I'm a DM running Storm King's Thunder, and it's likely the party will soon get the Shard of the Ise Rune item (p. 236-237). I'm reading through the description, and while I understand most of it, I'm confused about how exactly the "Gift of Frost" property works and what it does.
Gift of Frost. You can transfer the shard's magic to a nonmagical item—a cloak or a pair of boots—by tracing the ise rune there with your finger. The transfer takes 8 hours of work that requires the items to be within 5 feet of each other. At the end, the shard is destroyed, and the rune appears in blue on the chosen form, which gains a benefit based on its form:
Question #1: What does one need to do during these 8 hours of work? It is saying that you need to stand there for 8 hours straight while tracing the rune the whole time?
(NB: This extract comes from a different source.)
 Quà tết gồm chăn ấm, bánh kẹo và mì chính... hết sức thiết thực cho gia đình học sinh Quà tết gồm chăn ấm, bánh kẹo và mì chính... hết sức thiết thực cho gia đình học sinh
Or is it just saying that you start the process by tracing the rune, and then all needs to happen is that the items need to remain within 5 feet of each other for the next 8 hours for the process to complete its work?
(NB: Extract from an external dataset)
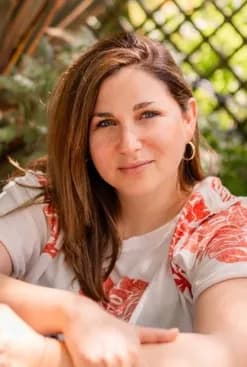 Lisa Hannelore - Counsellor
Question #2: Once the transfer is complete, does the cloak or pair of boots have all the other abilities of the original Shard, or does it only have the couple abilities listed for the specific item after the Gift of Frost description?
This confuses me because it says that you "transfer the shard's magic", which makes me think that it means the item has all the Shard's abilities. However, the description of what happens to the Cloak says that it gives the wearer resistance to fire damage but it seems that it would already have that from the "Frost Friend" ability of the rune. It also is odd that the Shard is "very rare" while the clothing that you can transfer its magic into is only "rare".
On the other hand, if it doesn't give all the shard's abilities to the new clothing, why would you want to use the Gift of Frost ability at all? It seems like you'd be giving up an awful lot of useful abilities, changing from an item that's worth "very rare" to one that's only worth "rare".
So I am just very confused about how this item works at all, as it's the first rune-based item in the campaign that we're likely to run into. I feel like I must be misunderstanding it entirely.